Prompt:
From the data below, return the exact lines starting at the line containing "Immunohistochemistry of paraffin-embedded" and ending at the line containing "Antes e depois", both included, and nothing else.

Records to process:
==========
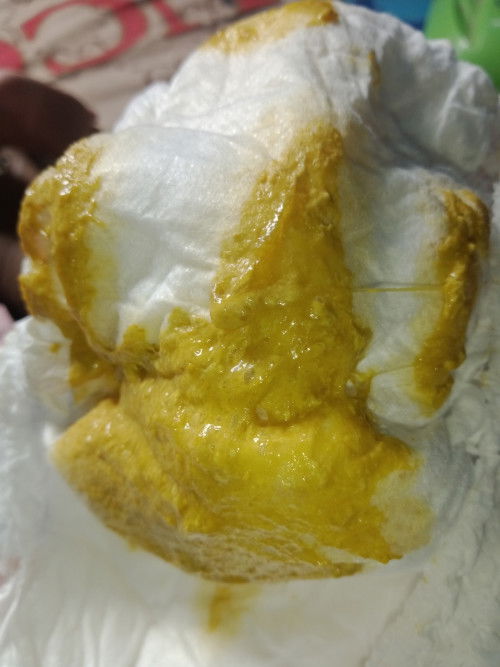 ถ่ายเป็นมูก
==========
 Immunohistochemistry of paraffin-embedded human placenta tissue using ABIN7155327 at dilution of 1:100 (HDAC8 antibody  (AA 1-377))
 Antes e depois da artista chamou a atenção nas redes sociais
==========
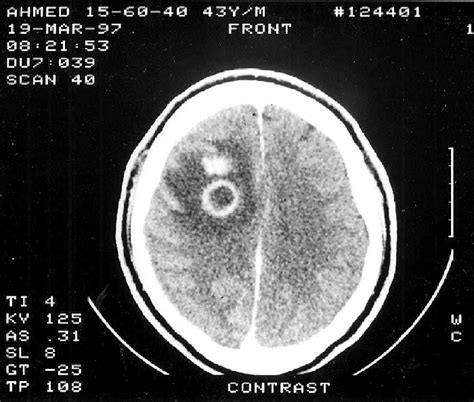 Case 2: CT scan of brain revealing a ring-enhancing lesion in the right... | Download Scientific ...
==========
Solution for this problem:
 Immunohistochemistry of paraffin-embedded human placenta tissue using ABIN7155327 at dilution of 1:100 (HDAC8 antibody  (AA 1-377))
 Antes e depois da artista chamou a atenção nas redes sociais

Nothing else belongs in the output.